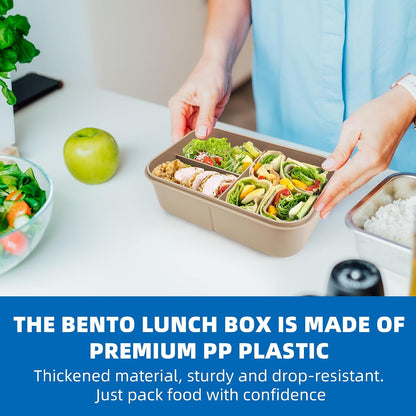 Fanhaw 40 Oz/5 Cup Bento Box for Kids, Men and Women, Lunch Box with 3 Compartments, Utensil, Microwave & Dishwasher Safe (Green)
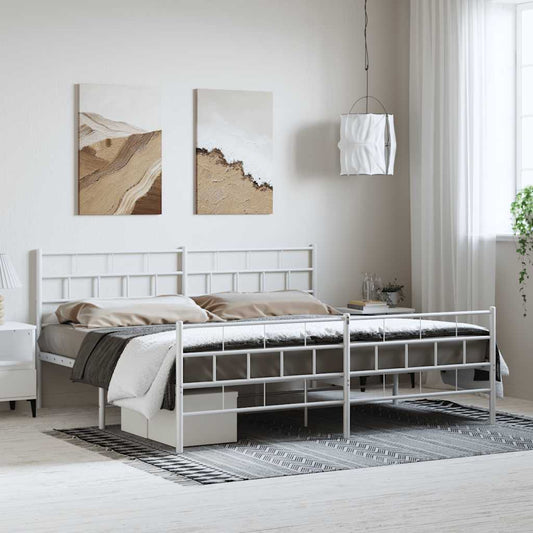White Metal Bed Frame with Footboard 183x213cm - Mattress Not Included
______________________________
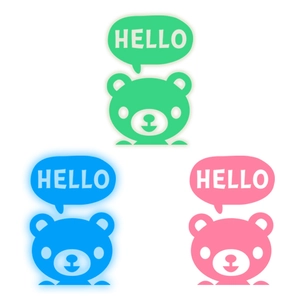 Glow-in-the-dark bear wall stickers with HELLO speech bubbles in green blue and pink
______________________________
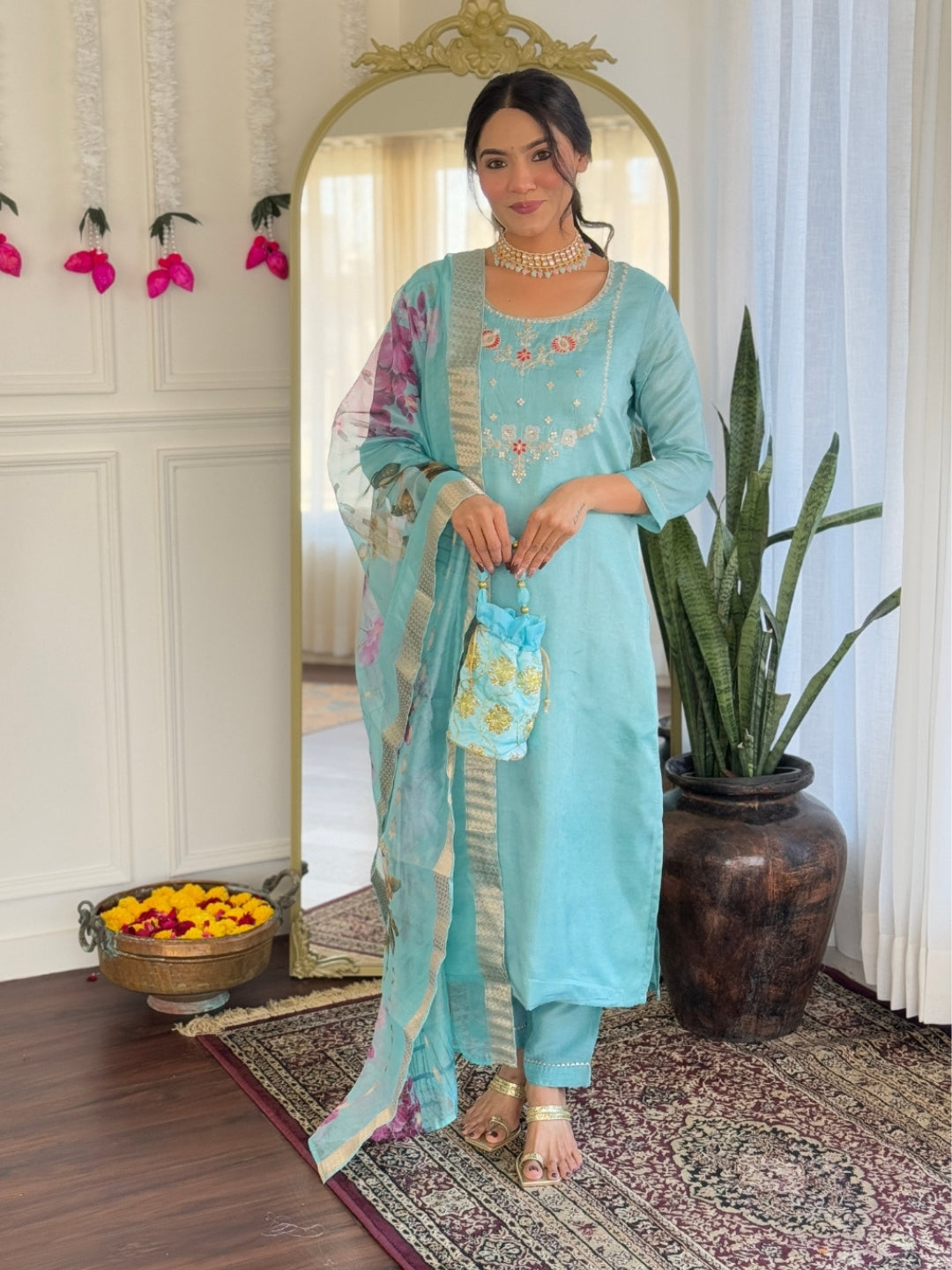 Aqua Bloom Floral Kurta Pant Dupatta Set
______________________________
Goal of the exercise — Transcribe, word for word, the lines of the listing above from the one that contains "Fanhaw 40 Oz/5" through the one that contains "White Metal Bed", keeping both ends and dropping the pictures.

Reply to the task —
 Fanhaw 40 Oz/5 Cup Bento Box for Kids, Men and Women, Lunch Box with 3 Compartments, Utensil, Microwave & Dishwasher Safe (Green)
White Metal Bed Frame with Footboard 183x213cm - Mattress Not Included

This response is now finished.